If you are a wine lover, you may be wondering why wine is stored in barrels, and what happens during the storage time to make the wine age and become so tasteful. The theory behind wine barrels is centuries old and allows small amounts of evaporation to take place during the aging process.
Oak barrels are especially a popular choice as they leave their unique taste in the wine. Wine that is aged in oak barrels tends to develop a slight vanilla flavor. There are two big differences in the wood preparation and techniques of barrel construction that affect the way the staves are prepared. One way is to let the wood air-dry for up to 2 years to develop the ideal seasoning.

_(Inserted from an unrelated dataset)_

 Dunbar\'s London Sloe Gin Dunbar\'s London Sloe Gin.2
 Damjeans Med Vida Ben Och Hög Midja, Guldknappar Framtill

The other method is using a kiln drying method to season the wood. The staves for whiskey barrels are sawn instead of being split. Traditional French barrel makers split the wood right along the grain which creates more subtle effects to the wine.
In the construction process of the barrel, when the barrel is partially intact, it is placed over a wood fire stove. The inside of the barrel is allowed to be charred. The amount of charring in the barrel affects the properties of the wine that is being aged in them.
There are many different sizes of barrels used in wine making and also varying degrees of thickness that all account for the different types of wine stored in them and the end result of the wine after it is properly aged.
Before wine is stored in the oak barrels it is typically fermented in stainless steel tanks. Chardonnay and Pinot Noir are two grape varieties often fermented and aged using the same oak barrels which creates a stronger oak taste.
Although various techniques have been developed to extend the use of barrels, the traditional methods are proven to work and create full-flavored, delicious wine. There have been improvements and changes in techniques that have been implemented and add to the overall taste and process of aging the wine.